| Supplied entries |

"""

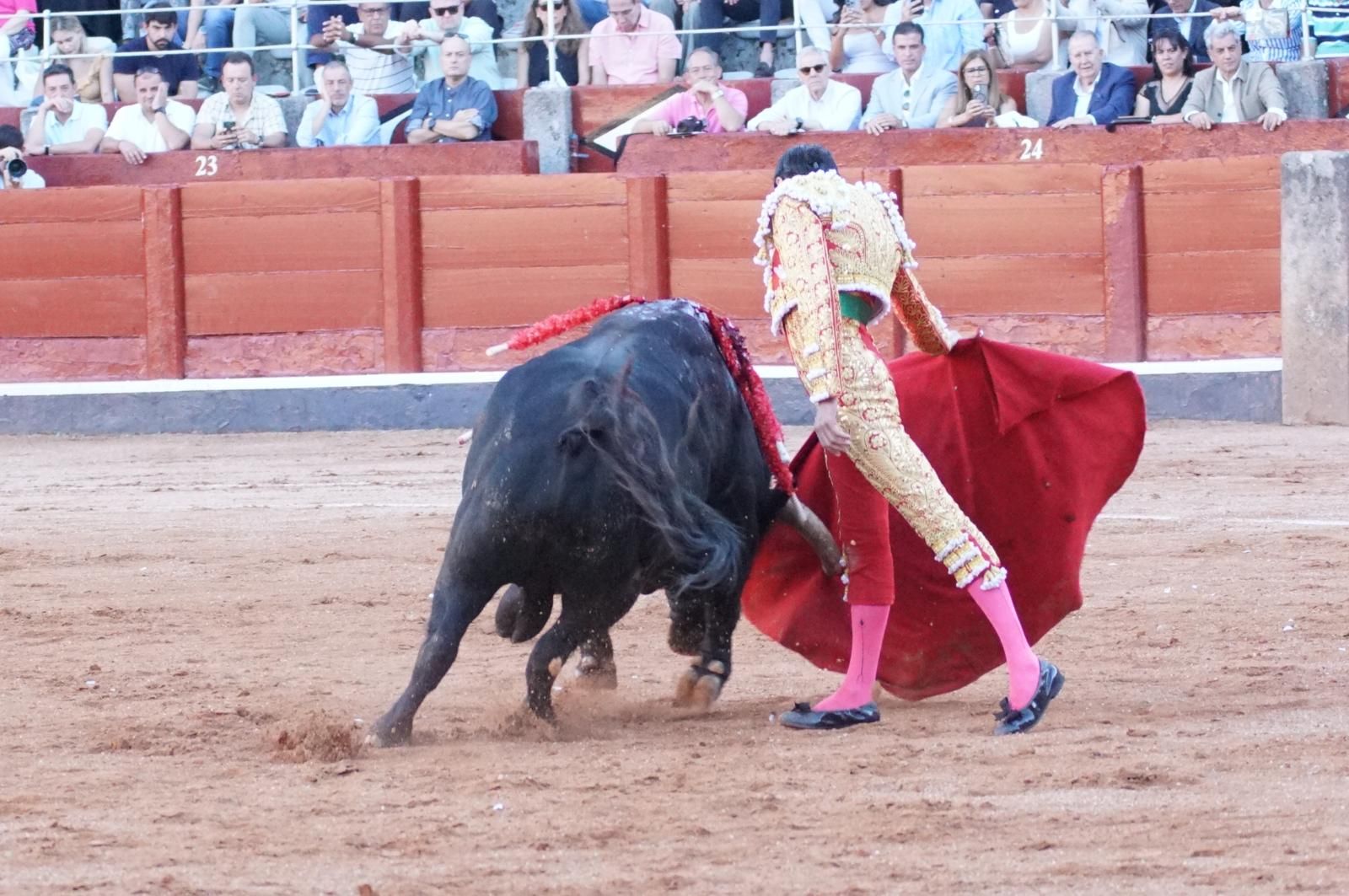 Emilio de Justo, Juan Ortega y Roca Rey inauguran el cartel de figuras en la feria de Salamanca: la corrida de Garcigrande en imágenes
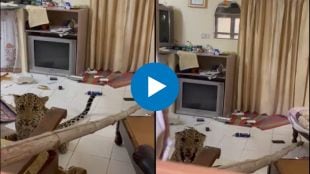 snow Leopard found in hotel room viral video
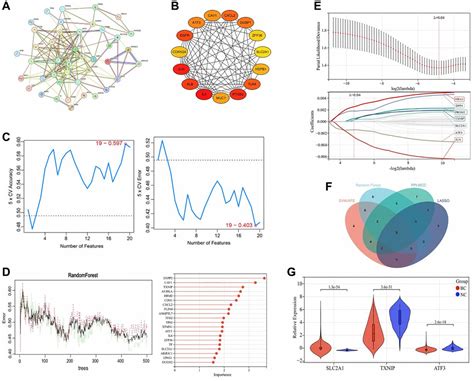 Identification Of Key Ferroptosis Genes And Mechanisms Associated With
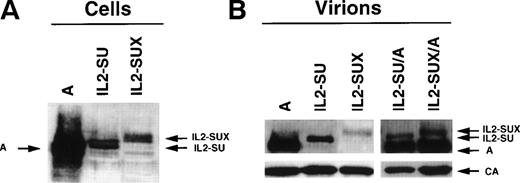 Fig. 2. Expression of IL-2 chimeric envelopes. (A) Immunoblots of lysates of TELCeB6 cells expressing wild-type amphotropic envelopes (A), IL2-SU, and IL2-SUX chimeras. (B) Immunoblots of viral pellets obtained by ultracentrifugation of supernatants of TELCeB6 cells expressing wild-type amphotropic envelopes (A), IL2-SU, and IL2-SUX or coexpressing wild-type amphotropic envelopes and either IL2-SU (IL2-SU/A) or IL2-SUX (IL2-SUX/A) chimeras. All blots were stained with an MLV-SU antiserum. The immunoblot of viral pellets was separated at the position of 46-kD marker, and the lower portion of the membrane was stained with a p30-CA antiserum. The positions of the IL-2 chimeric envelope glycoproteins and the wild-type amphotropic SU are indicated.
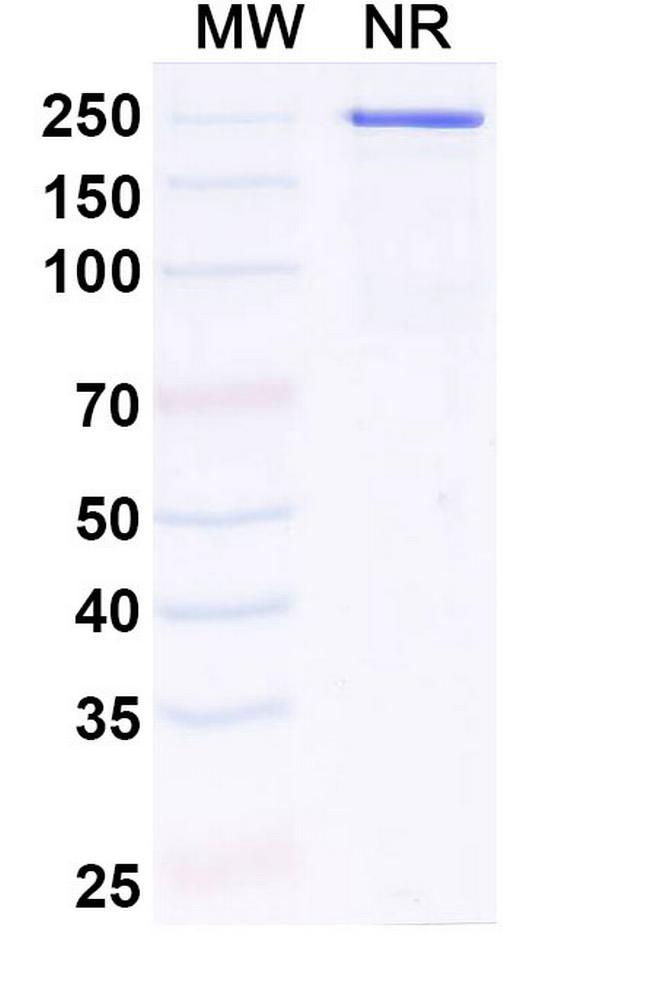 Calpurbatug Humanized Antibody in SDS-PAGE (SDS-PAGE)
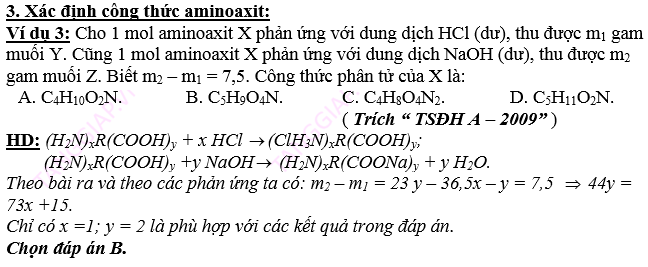 AMIN – AMINO AXIT - PROTEIN10.png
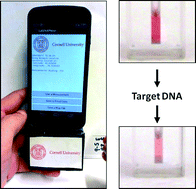 Graphical abstract: Detection of Kaposi's sarcoma associated herpesvirus nucleic acids using a smartphone accessory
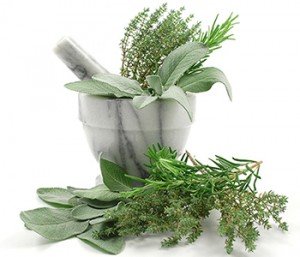 Herbs, including rosemary, thyme, basil, and sage inhibit BCL2 gene activity that stimulates cancer cell growth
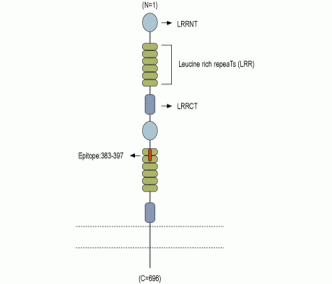 Slitrk1 (extracellular) Blocking Peptide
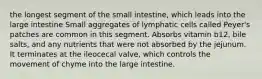 the longest segment of the small intestine, which leads into the large intestine Small aggregates of lymphatic cells called Peyer's patches are common in this segment. Absorbs vitamin b12, bile salts, and any nutrients that were not absorbed by the jejunum. It terminates at the ileocecal valve, which controls the movement of chyme into the large intestine.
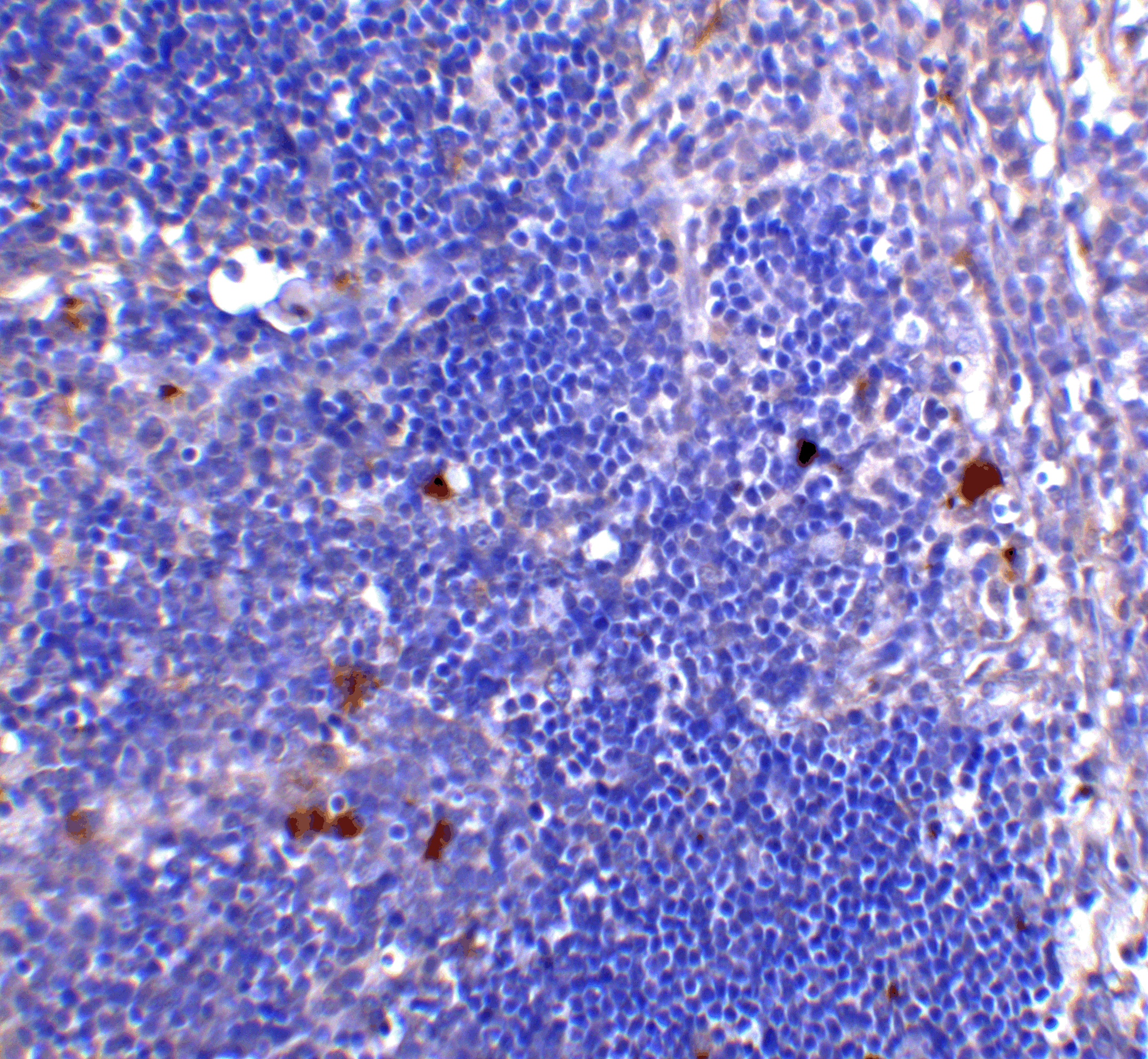 CD4 Antibody [8G1B12]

"""

Provide an exact copy of only the lines from the beginning of the entries through the line containing "Identification Of Key", both ends included, with no pictures.

| Task output |
 Emilio de Justo, Juan Ortega y Roca Rey inauguran el cartel de figuras en la feria de Salamanca: la corrida de Garcigrande en imágenes
 snow Leopard found in hotel room viral video
 Identification Of Key Ferroptosis Genes And Mechanisms Associated With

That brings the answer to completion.